I dati, d’altronde, non stupiscono, visto il basso livello di precipitazioni. Il caso del Piemonte è quello più emblematico: il dato ufficiale di Arpa Piemonte conferma un’anomalia delle piogge fino a -85% esclusa l’area del Cuneese, dove qualche nevicata ha ristorato leggermente il comprensorio sotteso.

Desolante quindi la fotografia dello stato attuale: le scarse piogge autunno-invernali e le altrettante deficitarie nevicate sull’arco alpino non hanno permesso di recuperare il deficit di pioggia accumulato nel ’22 e molto probabilmente nemmeno la finestra di pioggia primaverile potrà influire significativamente sulle riserve attualmente stoccate nei bacini. Quali quindi le criticità da fronteggiare?

Necessariamente una carenza di acqua comporterà una ripartizione differente in base alle priorità che governo e regioni vorranno attribuire agli utilizzi. Questo comporterà sovraccosti economici ed ambientali. Un esempio, come comunicato da Utilitalia (la Federazione delle imprese idriche, ambientali ed energetiche) è il riempimento dei serbatoi potabili con autobotti o altri interventi provvisori di somma urgenza.  Ad oggi sono già 19 gli interventi per sopperire alla carenza d’acqua di sorgenti in sofferenza sull’arco alpino, concentrati in Piemonte nelle provincie di Novara, Verbano Cusio Ossola e Cuneo, il che si traduce in costi maggiori per le multiutility che forniscono il servizio oltre che in un maggior traffico sulle strade e maggiori emissioni di CO2.

In prospettiva, la mancanza d’acqua avrà gravi ripercussioni anche per il comparto agricolo, per un danno economico potenziale che, in assenza di politiche mirate, rischia di essere ben più grave dei 6 miliardi di euro indicati lo scorso anno da Coldiretti. E il perché risulta anche chiaro: l’acqua del Po direttamente o indirettamente contribuisce al 40% del PIL nazionale, al 35% dell’industria agricola nazionale e al 55% della zootecnia italiana, oltre ad essere fondamentale per l’energia: il 55% della produzione idroelettrica nazionale dipende dal Grande Fiume.

Ultimo, ma non meno importante, a risentirne della scarsità dell’acqua sarà il settore idroelettrico, già fortemente penalizzato lo scorso anno, che ha chiuso con una produzione netta più bassa del 37% rispetto all’anno precedente.
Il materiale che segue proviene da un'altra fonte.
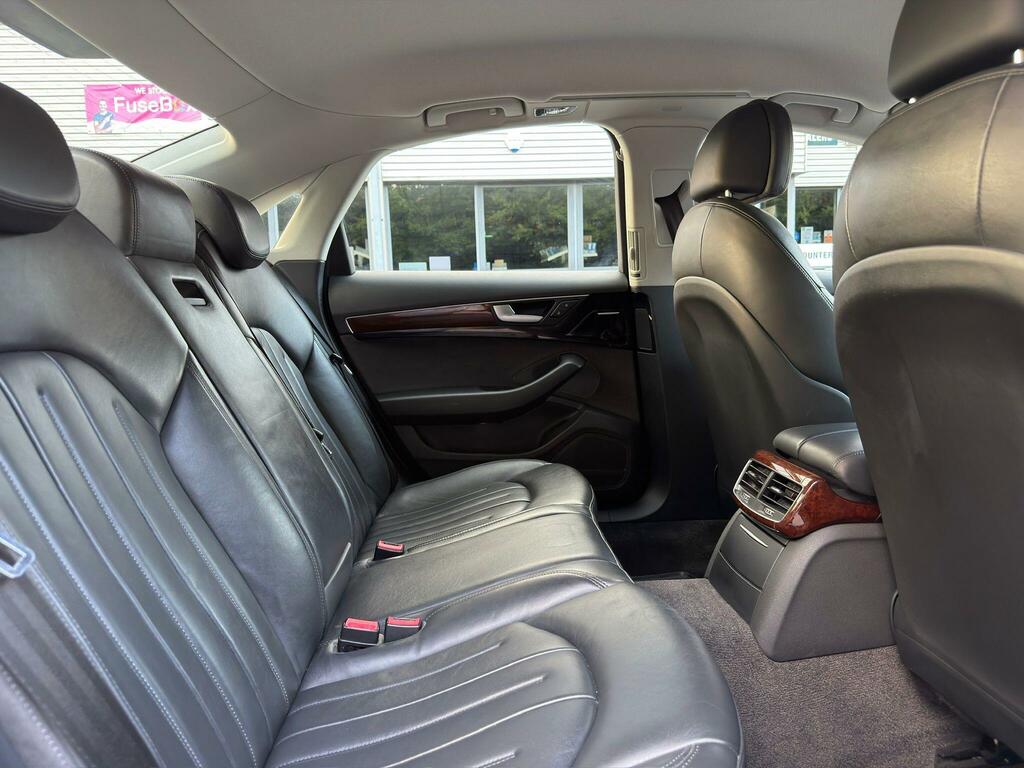 Audi A8 3.0 Tdi Quattro Se Executive 250 Bhp Silver #27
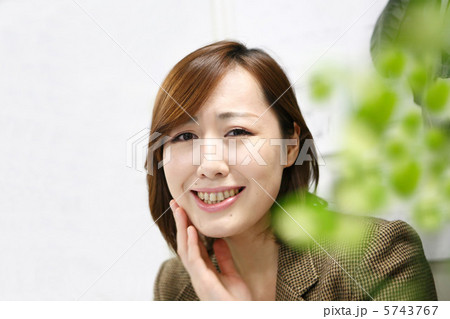 ちょっと困った感じの女性 5743767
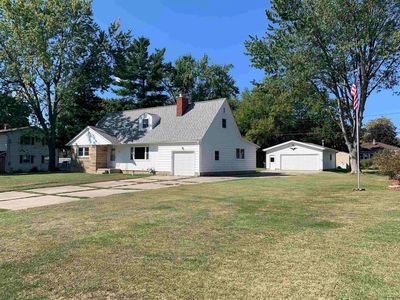 2682 Elmwood Dr, Adrian, MI, 49221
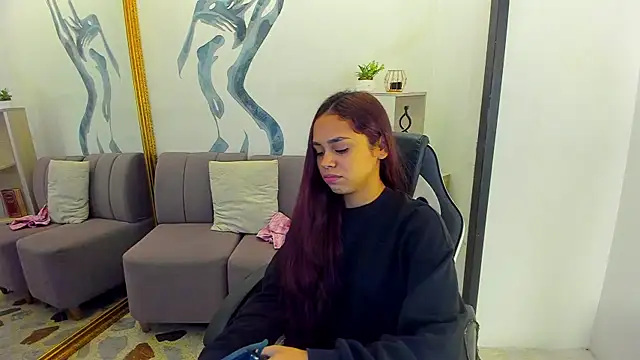 Snapshot of CarolineFyre chatting on February 2026 01:08:02 PM CarolineFyre online show from February 2026 01:08:02 PM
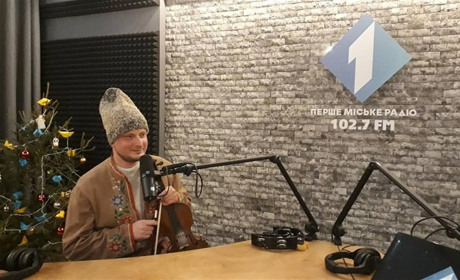 Чортківчанин під акомпанемент скрипки заколядував в одеському McDonald's (ВІДЕО)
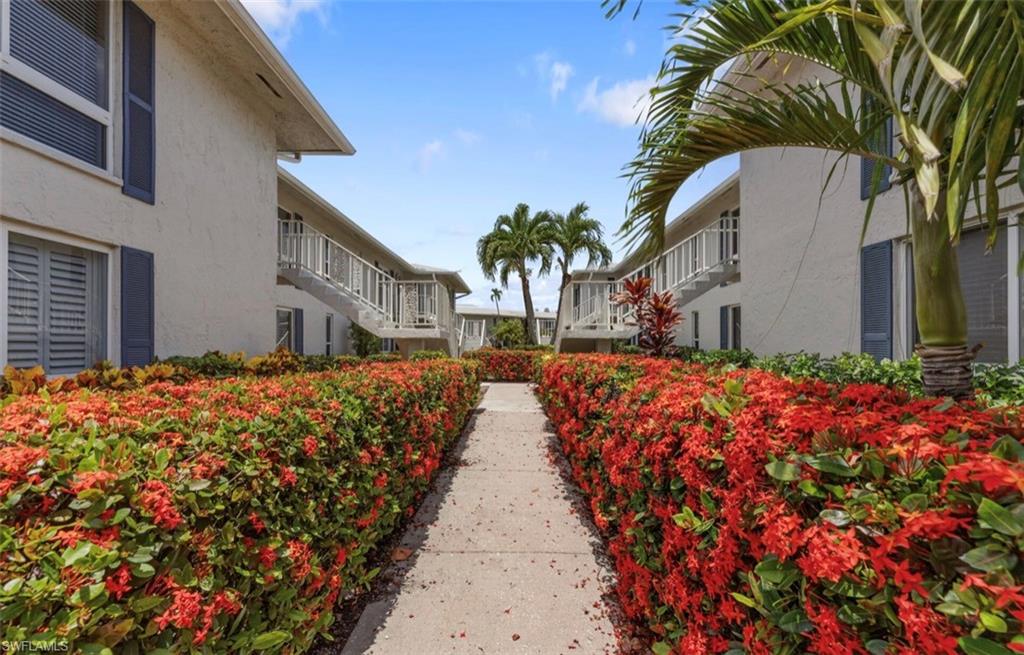 GLADES COUNTRY CLUB - Residential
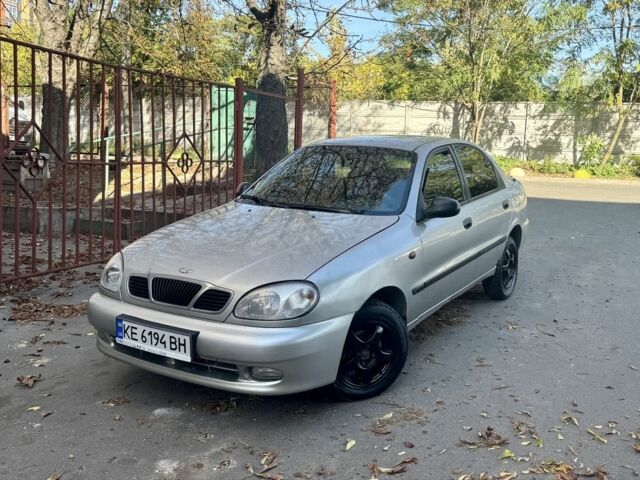 Сірий Деу Сенс, об'ємом двигуна 1.6 л та пробігом 300 тис. км за 2001 $, фото 1 на Automoto.ua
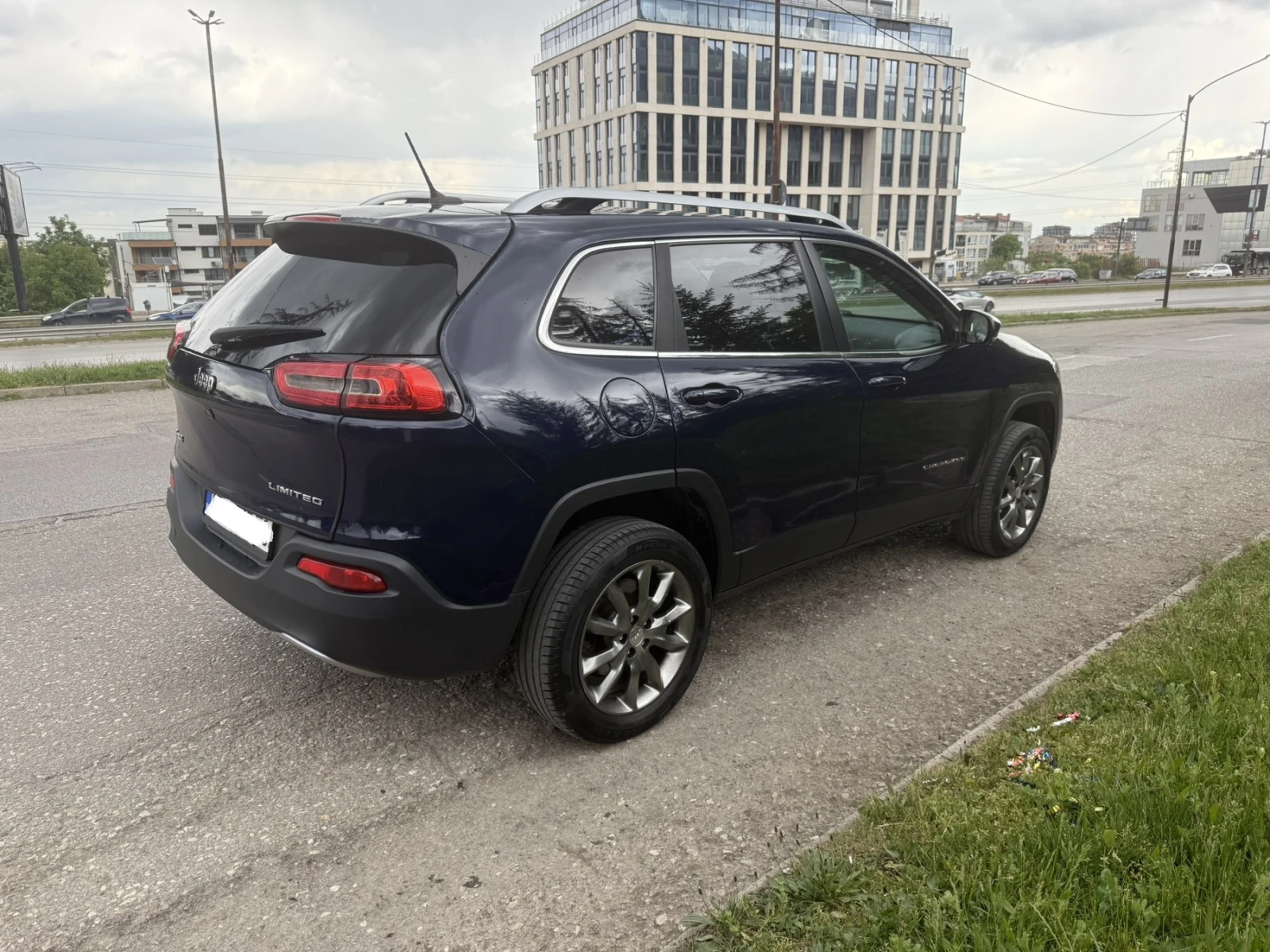 Jeep Cherokee 2.4 MultiAir2 Limited, снимка 6 - Автомобили и джипове - 54575049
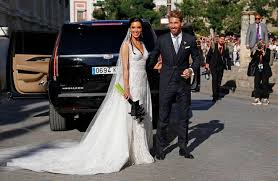 Maybe you would like to learn more about one of these? 10 Vestidos Encantadores Que Mujeres Famosas Lucieron El Dia De Su Boda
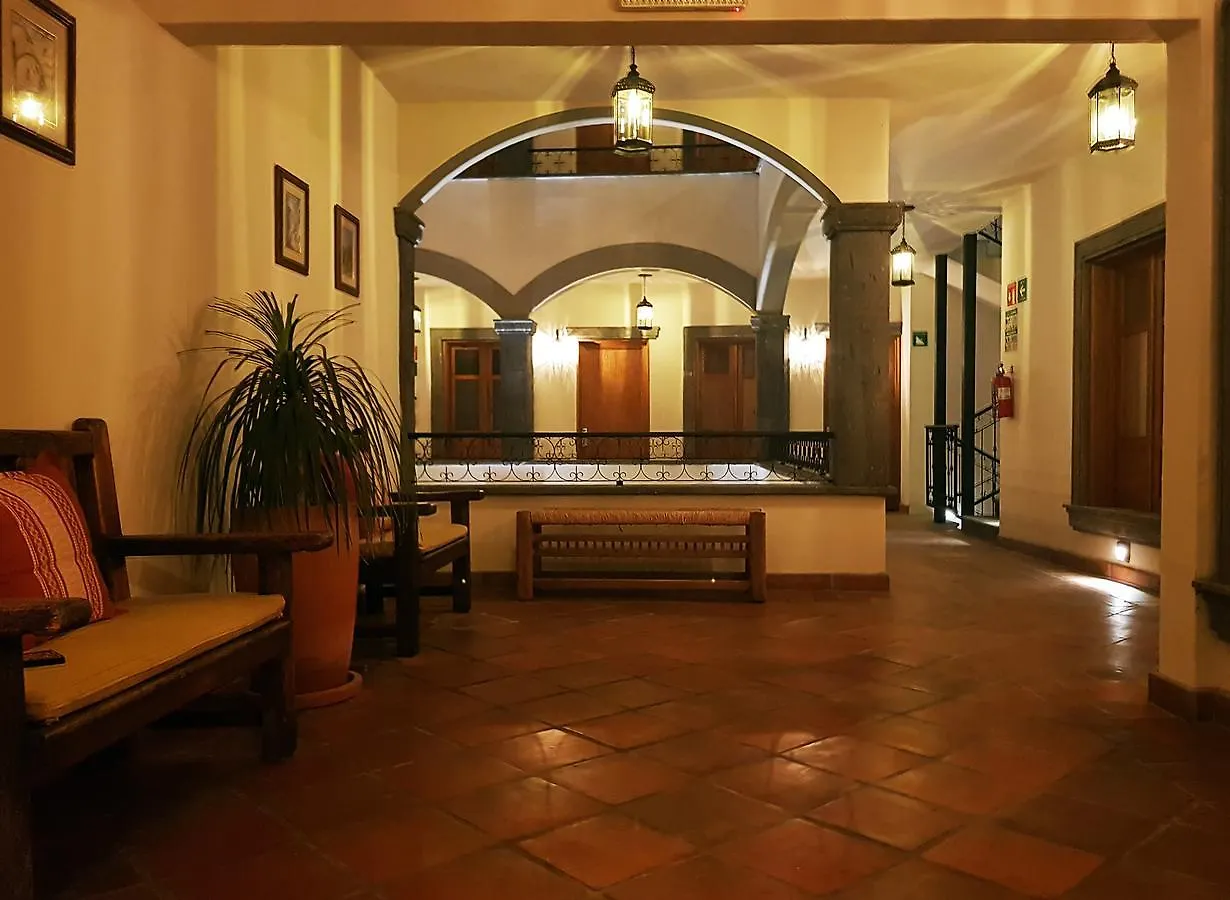 Puerta San Pedro Hotel Tlaquepaque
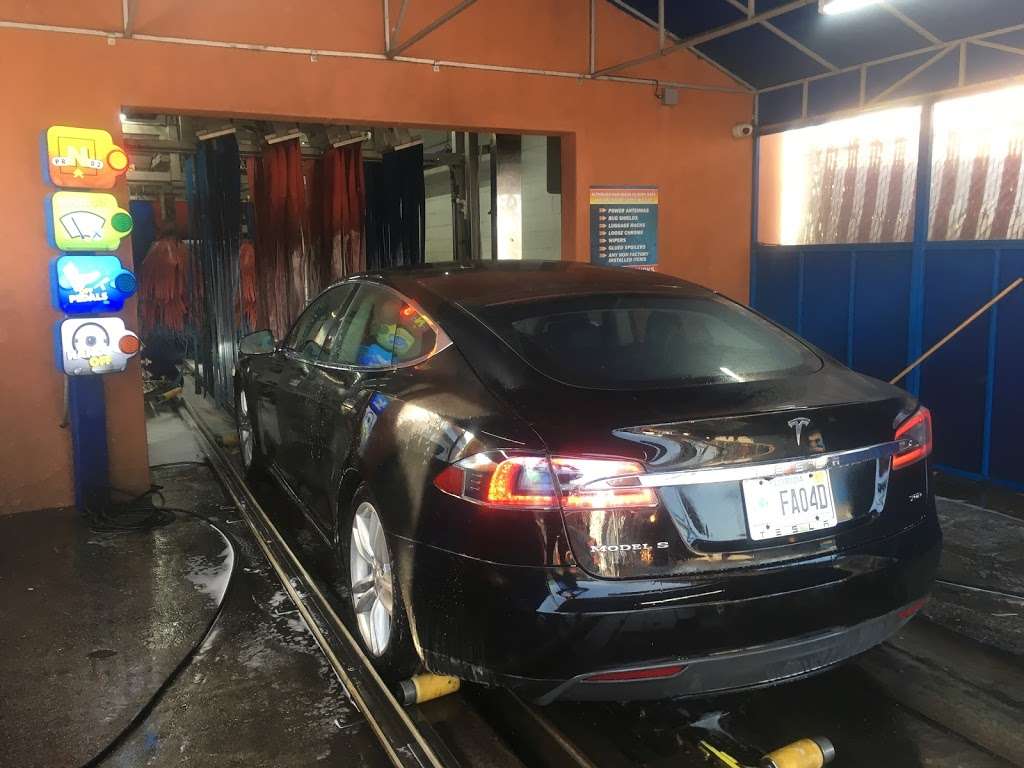 Skyway Car Wash | 221 Raymond Blvd, Newark, NJ 07105, USA | Phone: (973) 344-8000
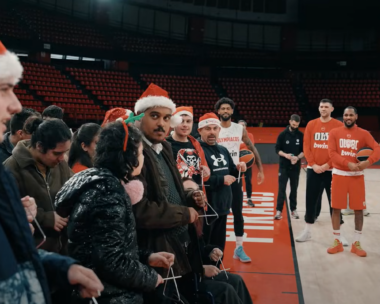 Μέλη του συλλόγου ατόμων με αναπηρία ΝΙΚΗ ψάλλουν τα κάλαντα στο ΣΕΦ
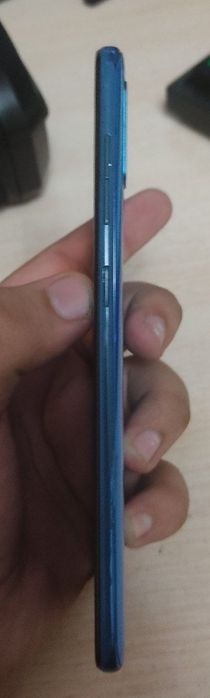 Samsung a50 в хорошем состоянии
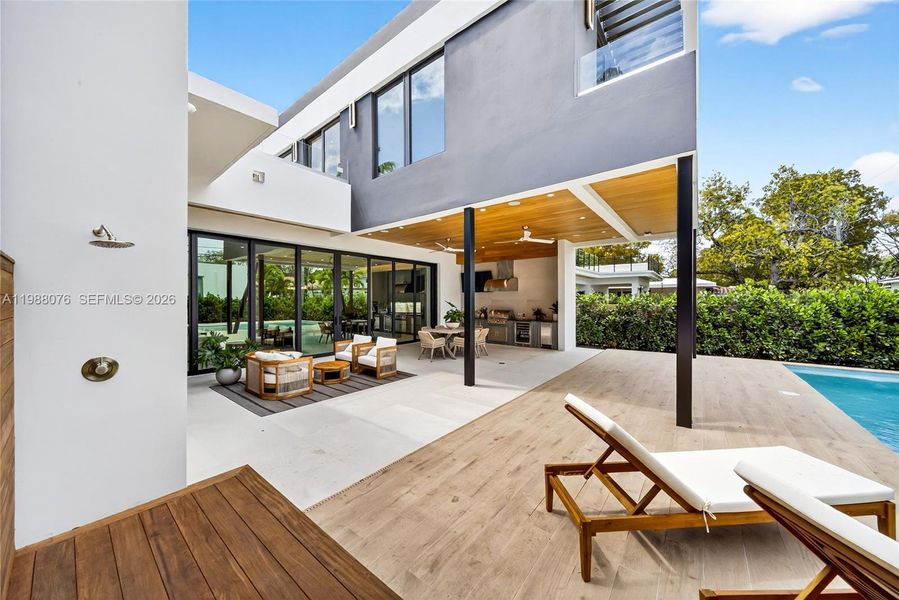 Exterior details and patio area of a home in , Miami (Image 28).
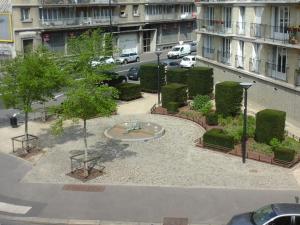 a park in the middle of a city at Hôtel Carmin in Le Havre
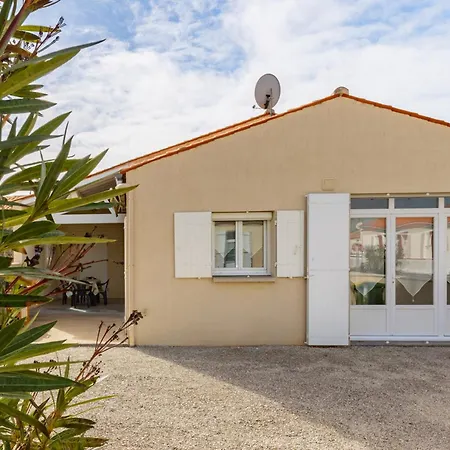 Hébergement de vacances Maison Avec Jardinet Le Château-dʼOléron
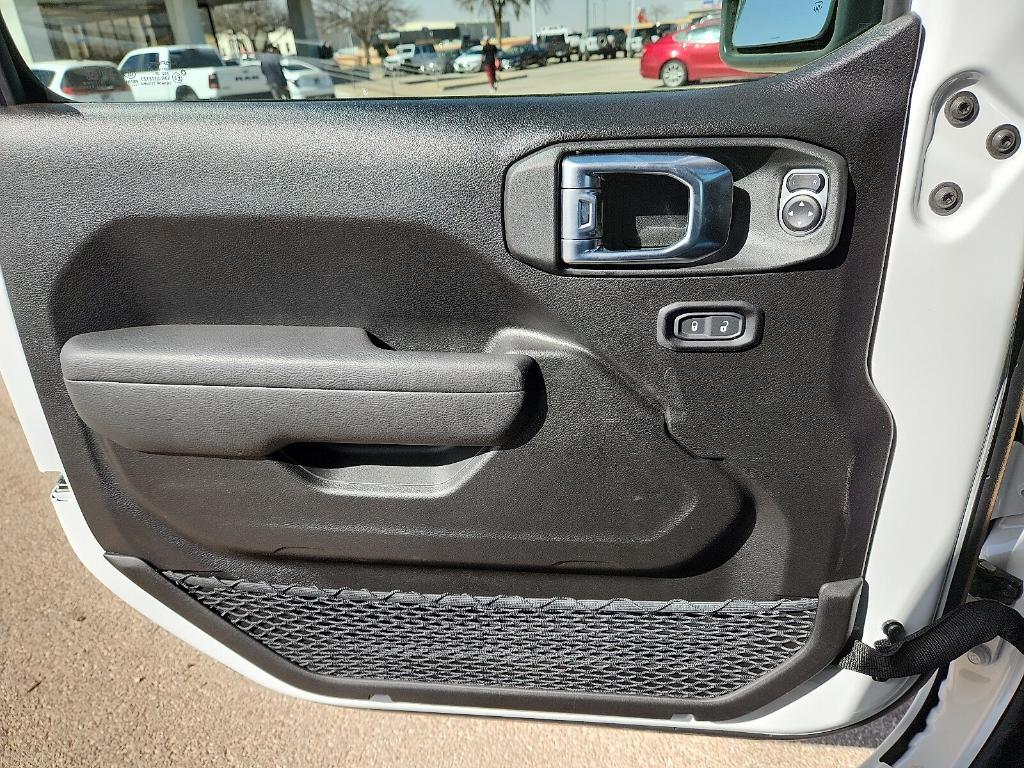 new 2026 Jeep Gladiator car, priced at $49,280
La potenza installata sul Po, affluenti e bacini montani è tra le maggiori a livello territoriale in Europa, ma a causa delle scarse precipitazioni le rese sono spesso inferiori a quelle teoriche di progetto. I bacini scarichi non consentono ai gestori di turbinare  secondo le tradizionali logiche di mercato, ma impongono mantenimenti di scorte strategiche ed emergenziali. Analoga sorte per gli impianti a scorrimento installati su canali consortili che, sempre a causa delle basse portate vedono rese scarse o addirittura rischiano il fermo macchina.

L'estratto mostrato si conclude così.